Boe Presentation - Natural gas is converted to a barrel of oil equivalent ("Boe") using six thousand cubic feet ("Mcf") of natural gas equal to one barrel of oil unless otherwise stated. Boe may be misleading, particularly if used in isolation. A Boe conversion ratio of six Mcf to one barrel ("Bbl") is based on an energy equivalency conversion method primarily applicable at the burner tip and does not represent a value equivalency at the wellhead. All Boe measurements and conversions in this report are derived by converting natural gas to crude oil in the ratio of six thousand cubic feet of natural gas to one barrel of crude oil.
Non-GAAP Measurements - Within this MD&A, references are made to terms which are not recognized under Generally Accepted Accounting Principles ("GAAP"). Specifically, "debt including working capital deficiency", "field operating netbacks", "field operating netbacks including hedging", "CROCE", "ROCE" and measurements "per commodity unit" and "per Boe" do not have any standardized meaning as prescribed by GAAP and are regarded as non-GAAP measures. These non-GAAP measures may not be comparable to the calculation of similar amounts for other entities and readers are cautioned that use of such measures to compare enterprises may not be valid. Non-GAAP terms are used to benchmark operations against prior periods and peer group companies and are widely used by investors, lenders, analysts and other parties.
Field Operating Netbacks
Field operating netbacks and field operating netbacks including hedging are common non-GAAP measurements applied in the crude oil and natural gas industry and are used by management to assess operational performance of assets. Field operating netbacks are calculated by deducting royalties, production and transportation expenses from revenue from product sales and are presented on a per-Boe basis.
Debt Including Working Capital Deficiency
Debt including working capital deficiency is defined as bank indebtedness plus working capital surplus or deficiency excluding the mark-to-market value of risk management contracts, decommissioning liability and lease liability.
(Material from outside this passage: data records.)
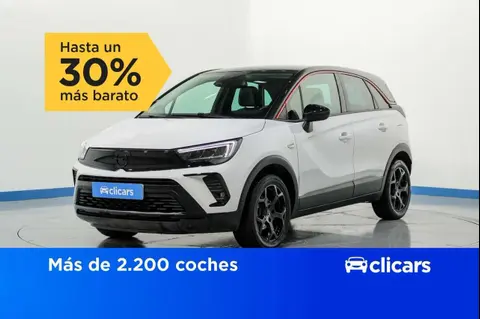 Annonce OPEL CROSSLAND Essence 2023 d'occasion 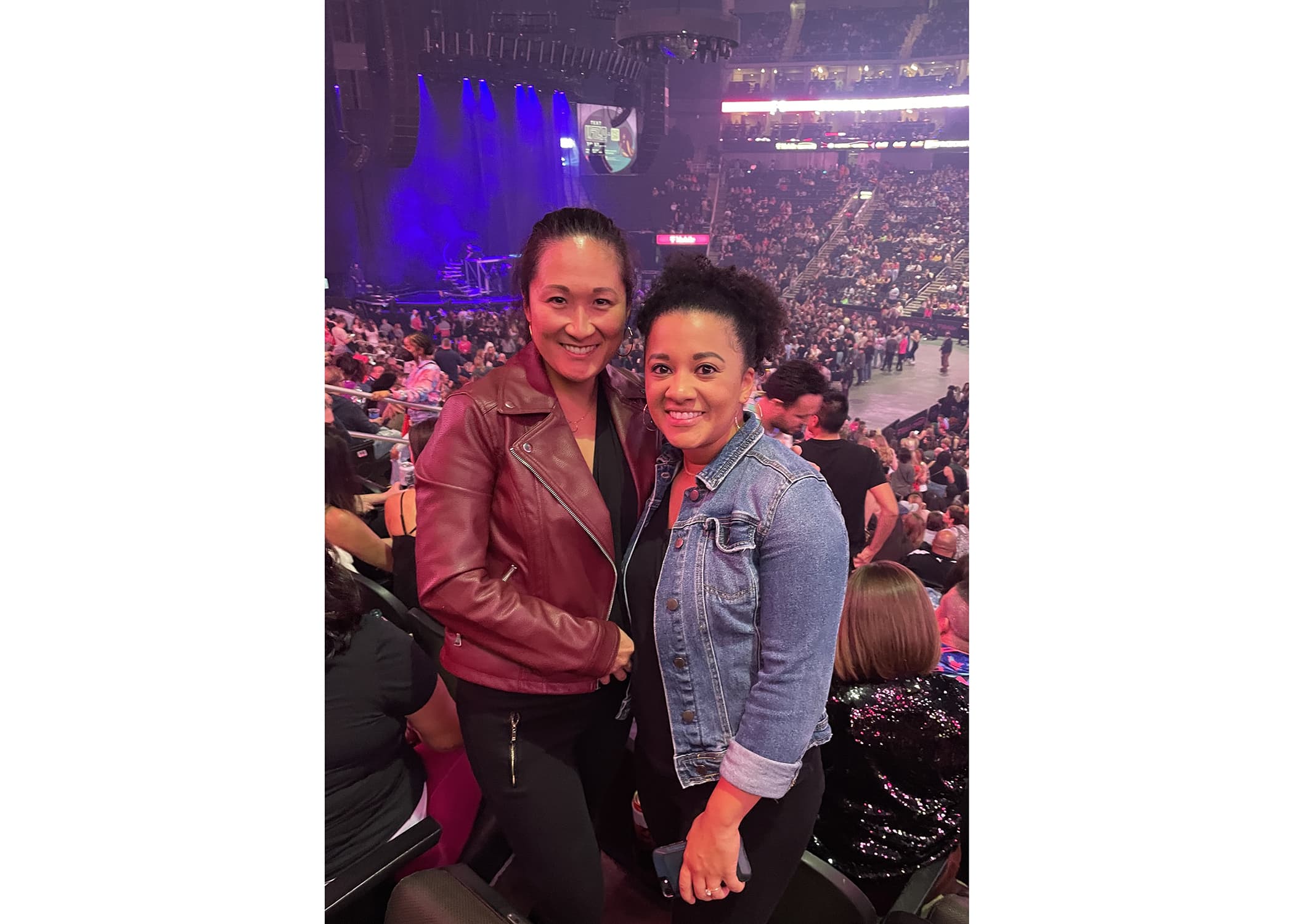 Nicole & Ashley photo 6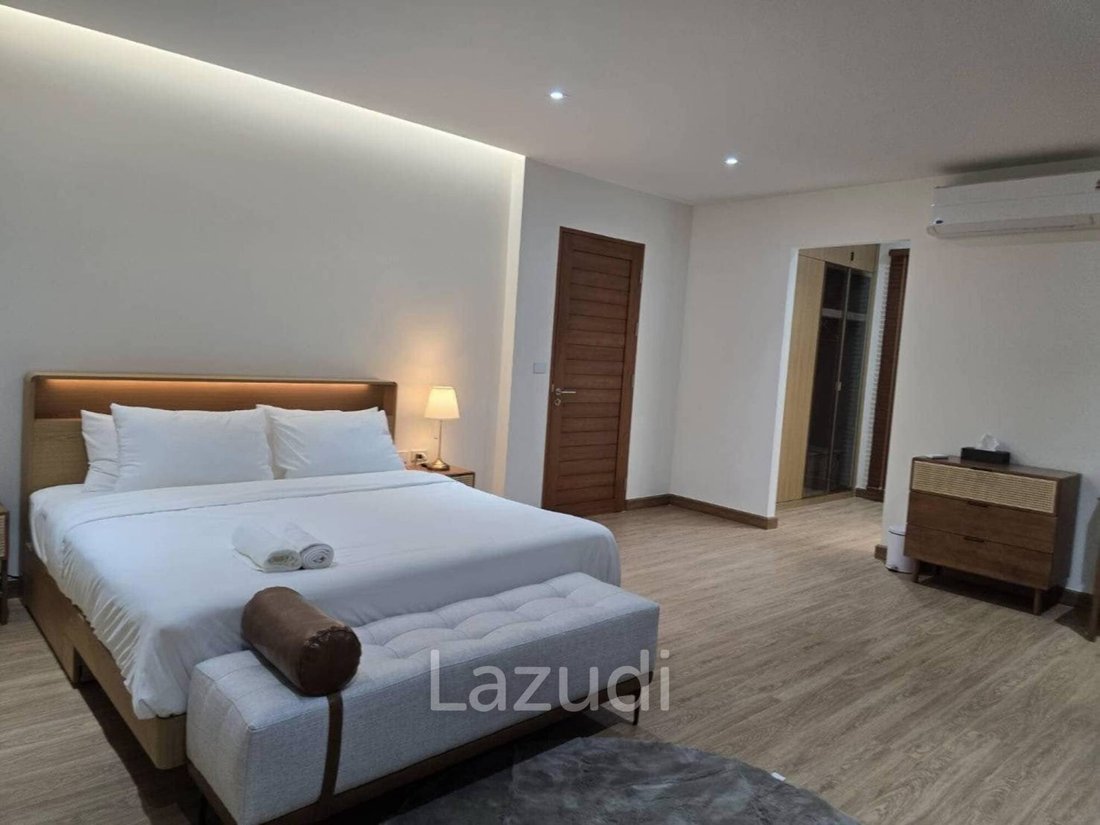 Villa in Pa Tong, Phuket, Thailand 5 - 16653861
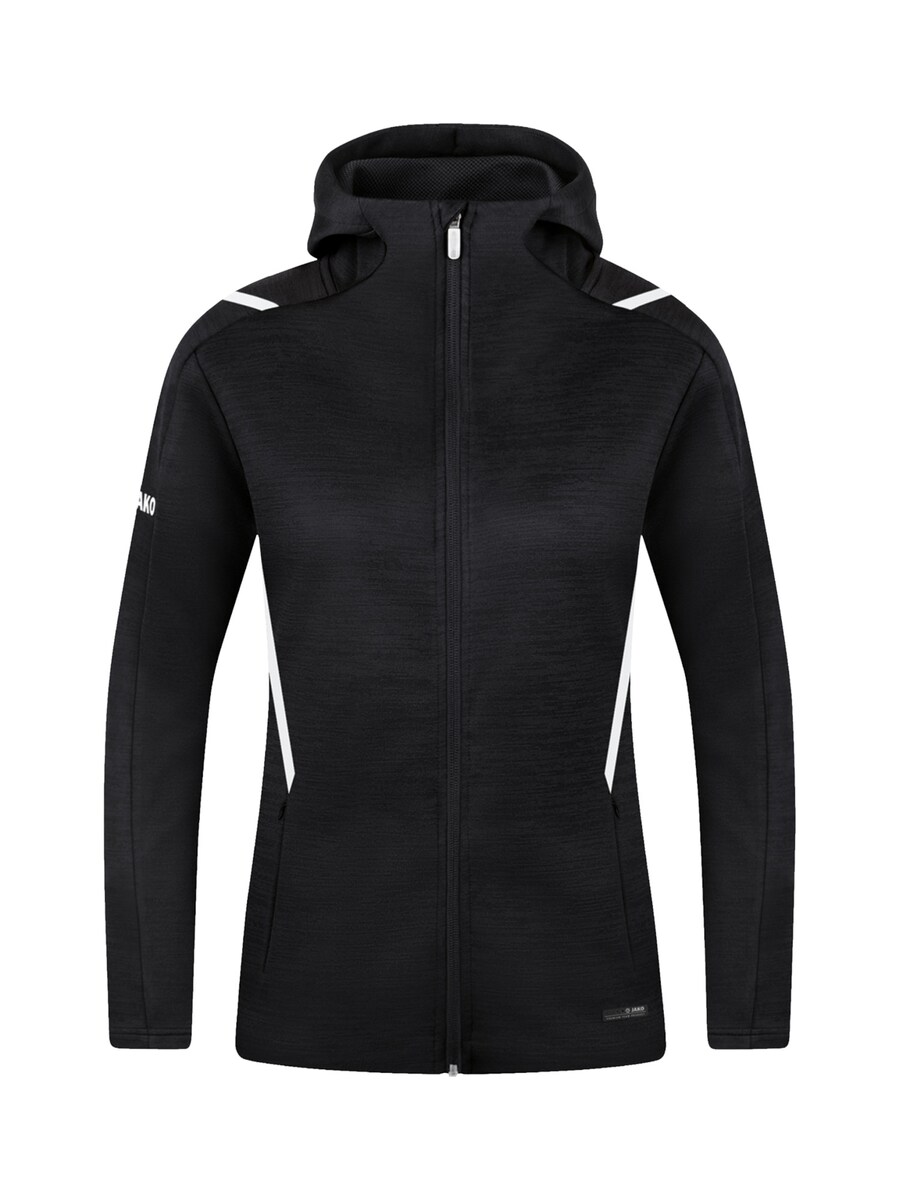 Спортивная куртка JAKO, черный
Спортивная куртка JAKO, черный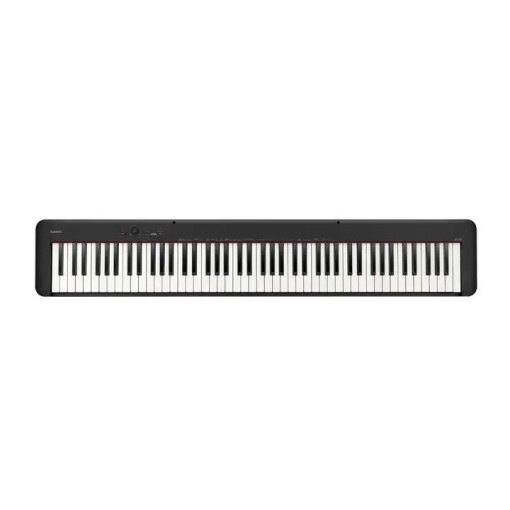 Pian Digital Portabil Casio CDP-S110 BK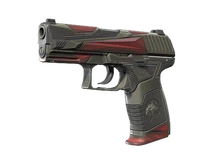 P2000 | Red Wing (Factory New) cs go skin
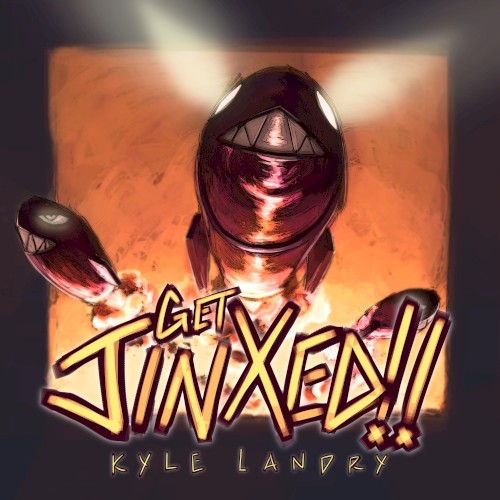 Get Jinxed (piano)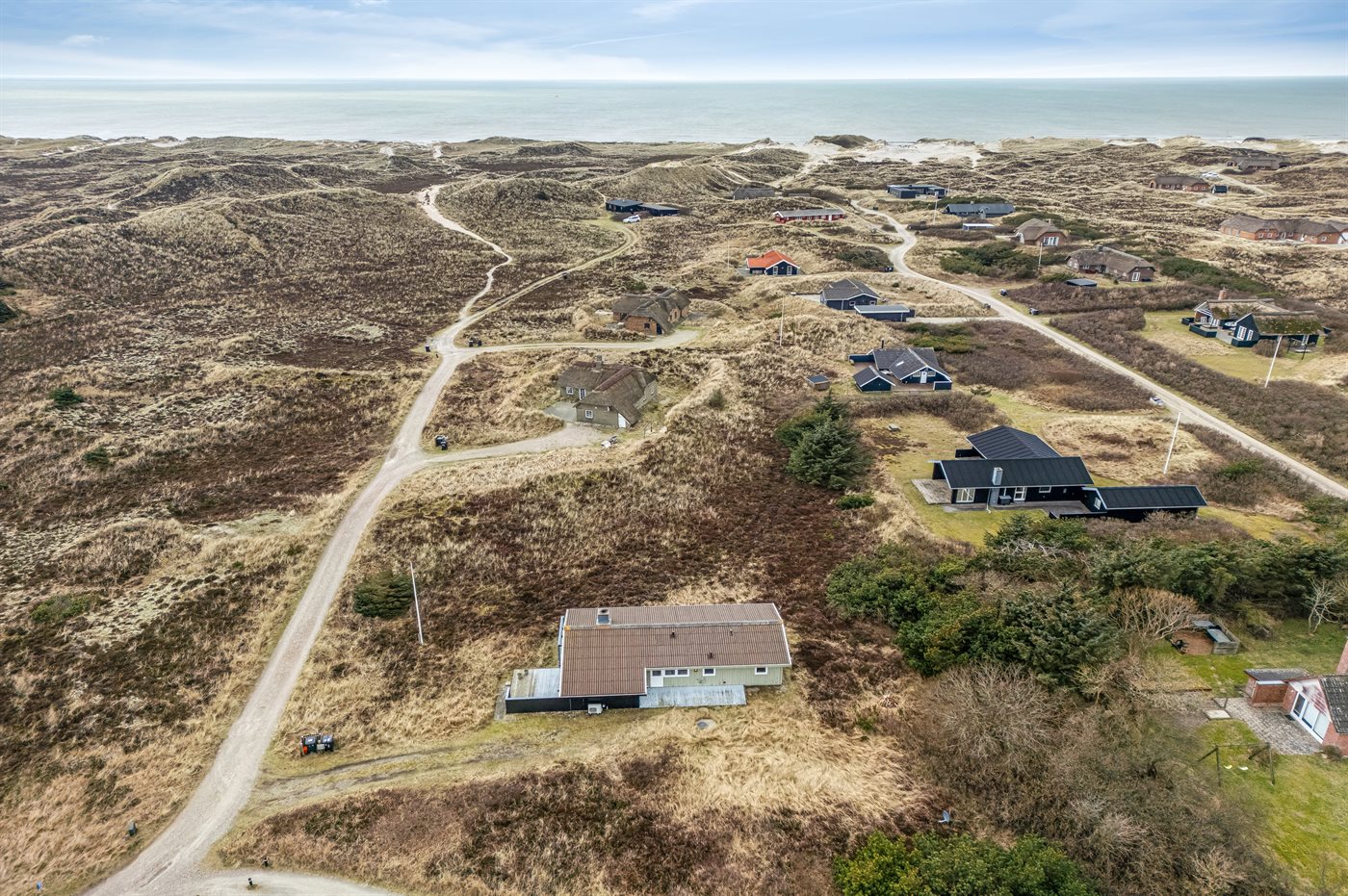 Ferienhaus 22-2045 in Klegod - Bild 2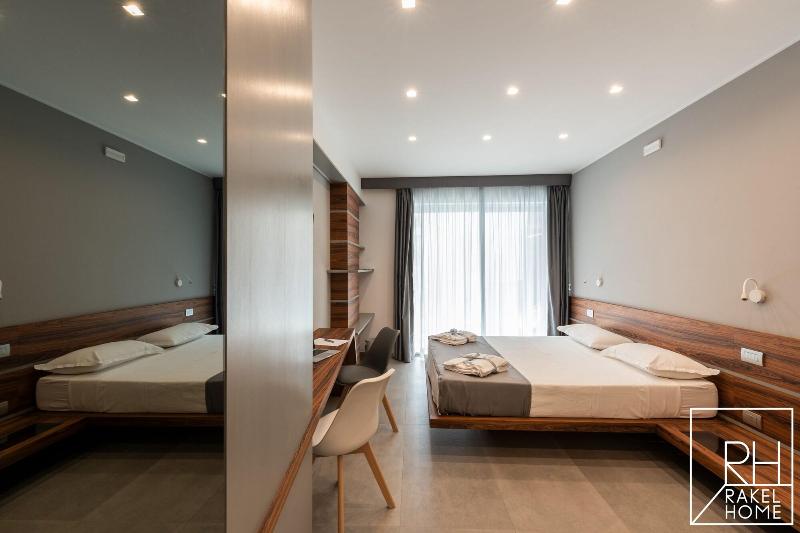 B&B Rakel Home - Oda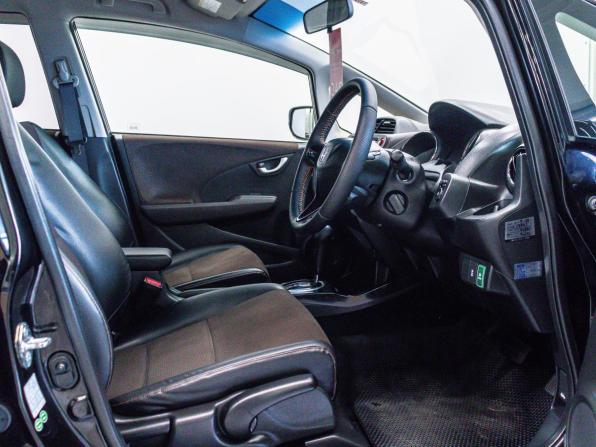 Honda Fit Shuttle I с пробегом 2011 года, цена 850 000 рублей, 170940 км, универсал, Автокод Объявления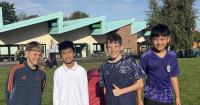 Woolston primary school putting outdoor education at the heart of its teaching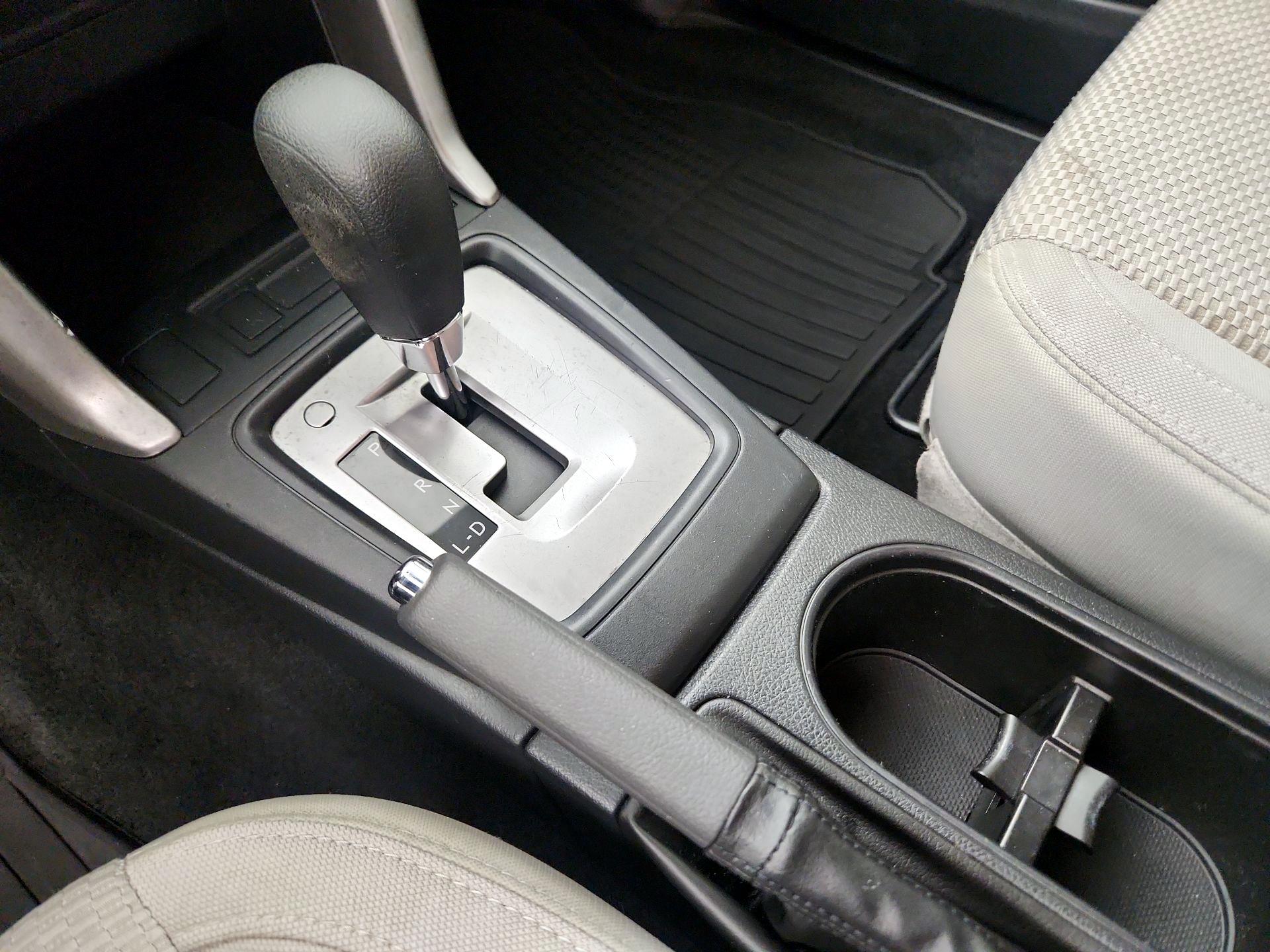 Thumbnail: 2017 Subaru Forester - 17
Management believes this is a key measure to assess the Company's liquidity and is used by the Company's lenders to set corporate interest rates.
| As At | As At | As At | |
|---|---|---|---|
| (\$000s unless otherwise stated) | December 31, 2019 | December 31, 2018 | December 31, 2017 |
| Accounts receivable | 21,961 | 29,262 | 15,104 |
| Prepaids and deposits | 764 | 853 | 4,542 |
| Less: Accounts payable and accrued liabilities | (30,018) | (34,359) | (24,777) |
| Working capital deficiency | 7,293 | 4,244 | 5,131 |
| Bank indebtedness | 121,608 | 86,776 | 100,993 |
| Debt including working capital deficiency | 128,901 | 91,020 | 106,124 |
CROCE & ROCE
CROCE is non-GAAP financial measure and does not have a standardized meaning under IFRS. CROCE is determined by taking funds flow plus interest and finance costs on a 12-month trailing basis, and dividing it by the average capital employed (shareholders' equity plus debt including working capital deficiency) as presented in the following table.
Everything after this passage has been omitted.